[SOURCE MATERIAL — start]
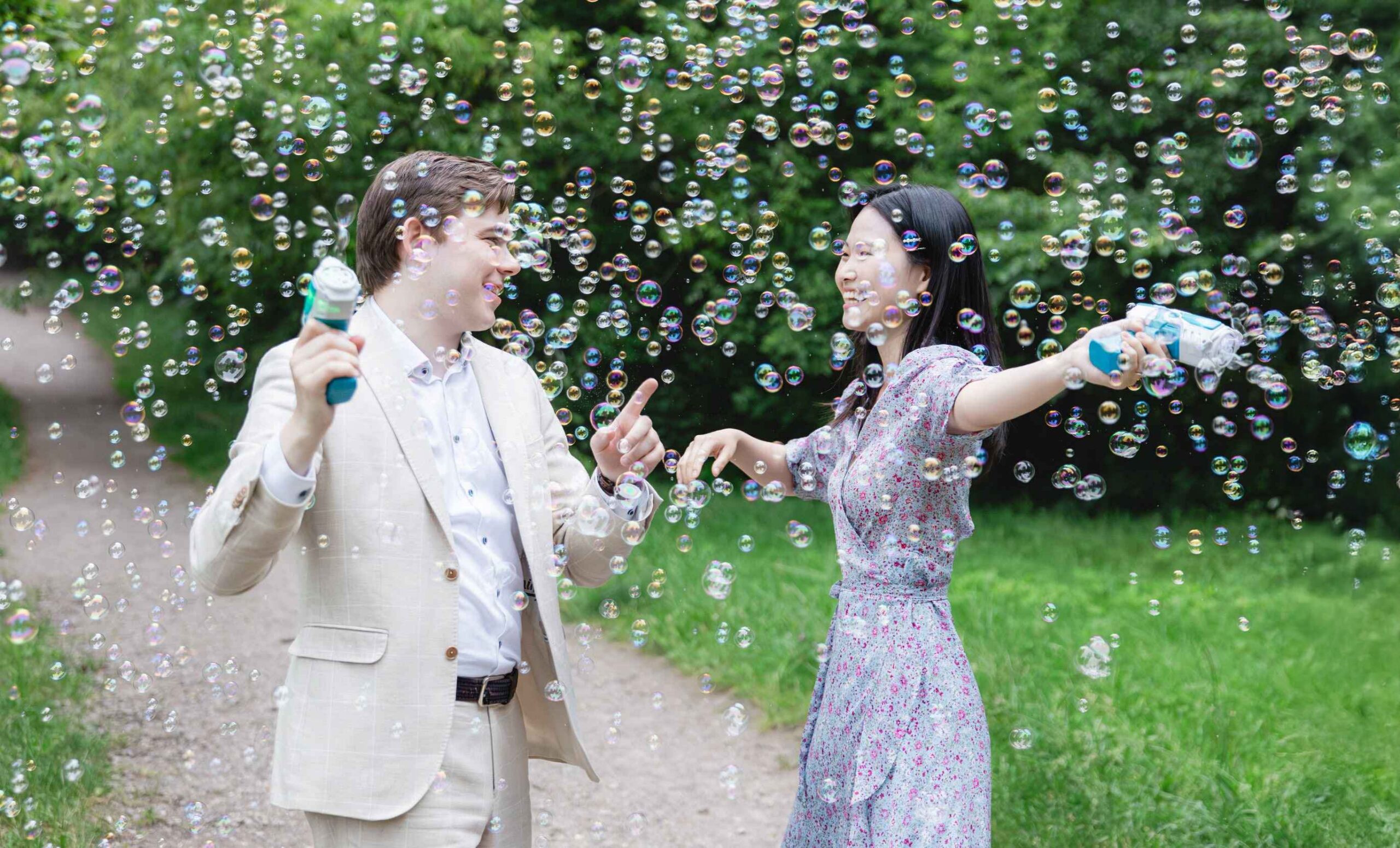 couple having fun bubble guns engagement
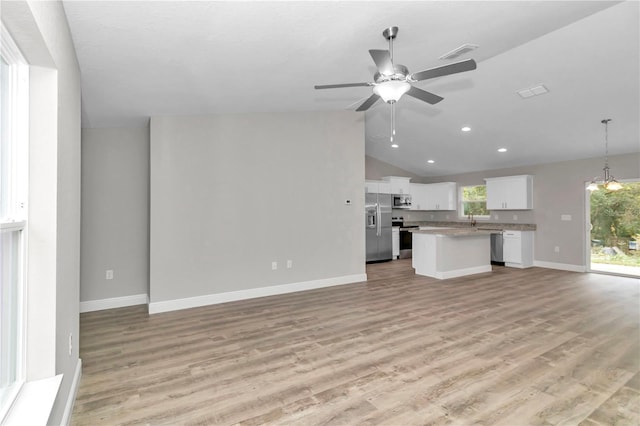 unfurnished living room with ceiling fan, light hardwood / wood-style flooring, and lofted ceiling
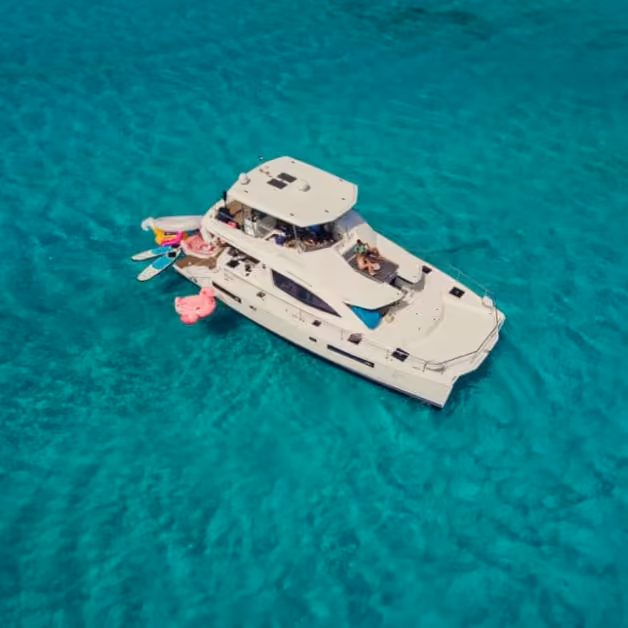A white yacht drifts on turquoise water, with pool floats nearby as people relax onboard and enjoy a sunny, carefree day.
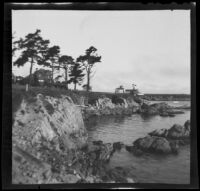 Shoreline houses on a rocky coastline, Monterey vicinity, 1900-1930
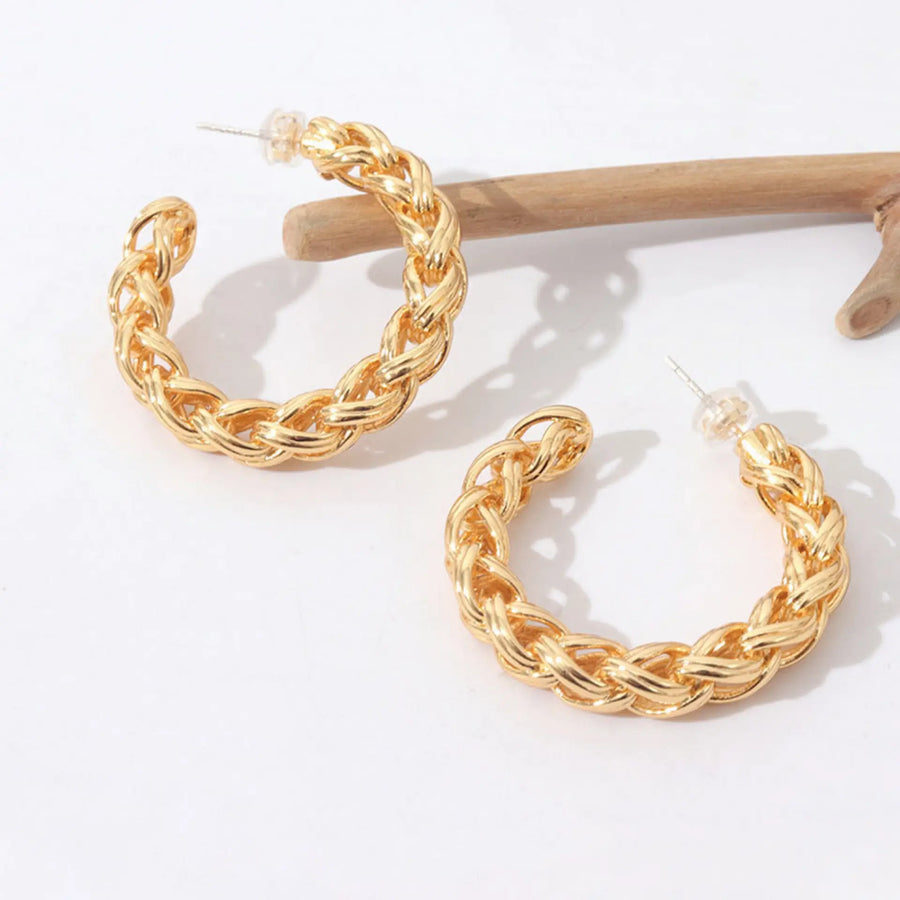 C-shaped twist gold earrings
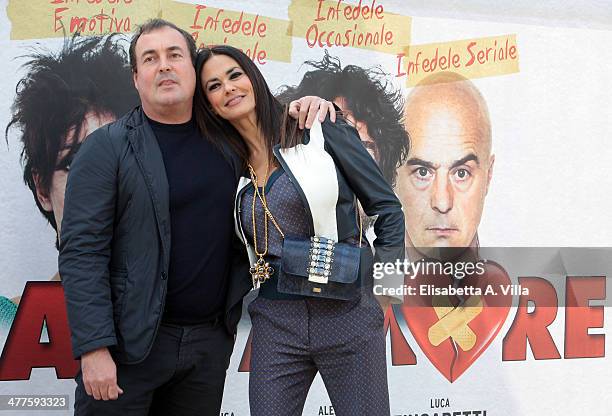 Producer Maria Grazia Cucinotta and husband Giulio Violati attend 'Maldamore' photocall at Villa Borghese on March 10, 2014 in Rome, Italy.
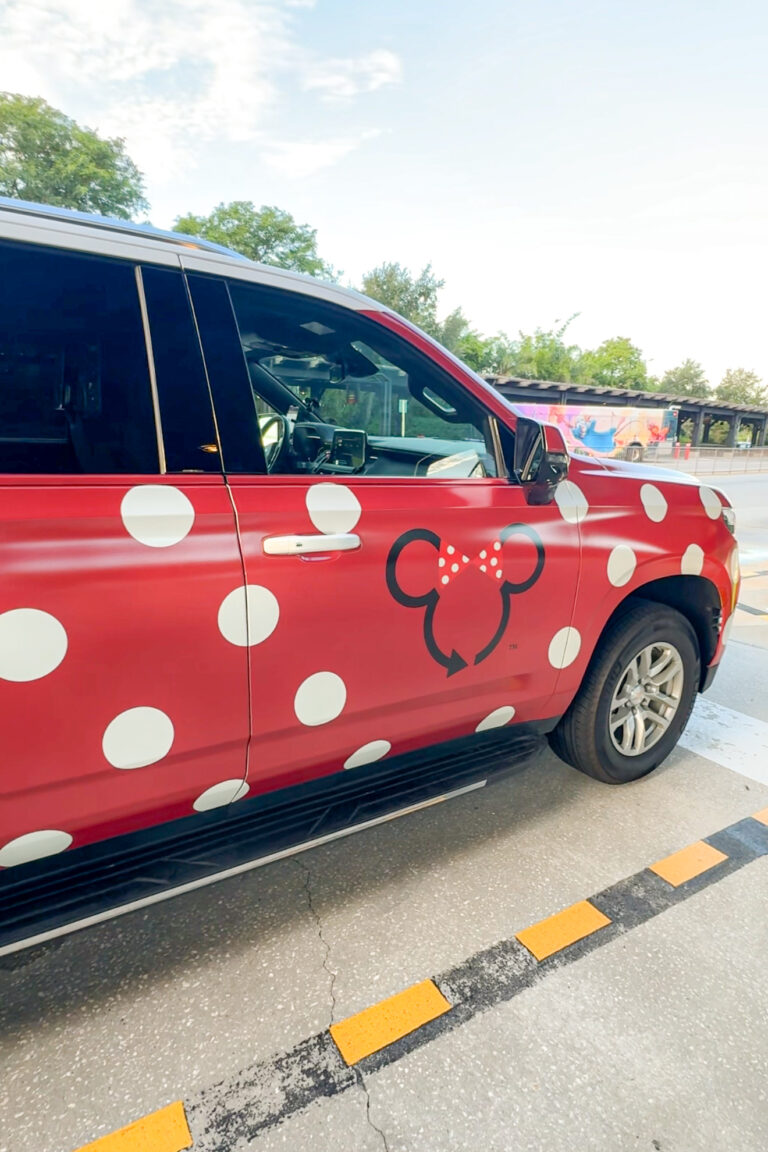 A close up of a Disney Minnie Van, a large SUV wrapped in red with white polkdots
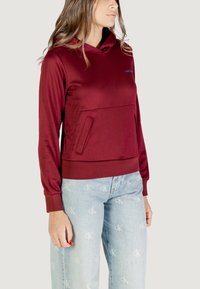 Felpa a cappuccio bordeaux con maniche lunghe, dotata di tasca a marsupio e orlo aderente. Tessuto liscio, materiale elastico e branding minimal.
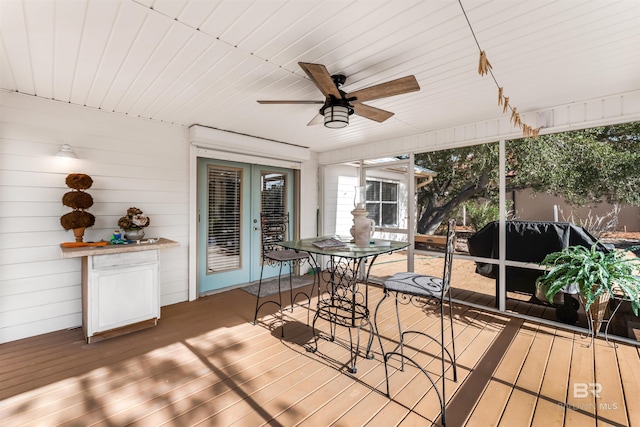 wooden terrace featuring ceiling fan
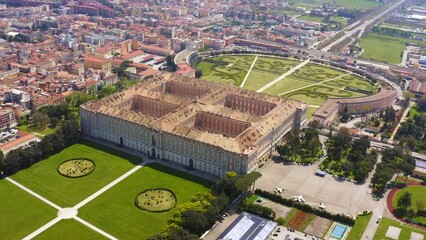 Wall Mural - Aerial view of the Royal Palace of Caserta also known as Reggia di Caserta. It is a former royal residence in Caserta, near Naples, Italy. It is the the royal garden of the building.
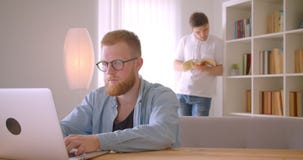 Close-upportret van twee bezige Kaukasische zakenlieden die in de bibliotheek samenwerken Men typt op laptop terwijl stock video Close-upportret van twee bezige Kaukasische zakenlieden die in de bibliotheek samenwerken Men typt op laptop terwijl stock video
[SOURCE MATERIAL — finish]
WORK REQUIRED
Take every entry above and transcribe it exactly, with no pictures in the copy.

RESULT OF THE TASK
 couple having fun bubble guns engagement
 unfurnished living room with ceiling fan, light hardwood / wood-style flooring, and lofted ceiling
A white yacht drifts on turquoise water, with pool floats nearby as people relax onboard and enjoy a sunny, carefree day.
 Shoreline houses on a rocky coastline, Monterey vicinity, 1900-1930
 C-shaped twist gold earrings
 Producer Maria Grazia Cucinotta and husband Giulio Violati attend 'Maldamore' photocall at Villa Borghese on March 10, 2014 in Rome, Italy.
 A close up of a Disney Minnie Van, a large SUV wrapped in red with white polkdots
 Felpa a cappuccio bordeaux con maniche lunghe, dotata di tasca a marsupio e orlo aderente. Tessuto liscio, materiale elastico e branding minimal.
 wooden terrace featuring ceiling fan
 Wall Mural - Aerial view of the Royal Palace of Caserta also known as Reggia di Caserta. It is a former royal residence in Caserta, near Naples, Italy. It is the the royal garden of the building.
 Close-upportret van twee bezige Kaukasische zakenlieden die in de bibliotheek samenwerken Men typt op laptop terwijl stock video Close-upportret van twee bezige Kaukasische zakenlieden die in de bibliotheek samenwerken Men typt op laptop terwijl stock video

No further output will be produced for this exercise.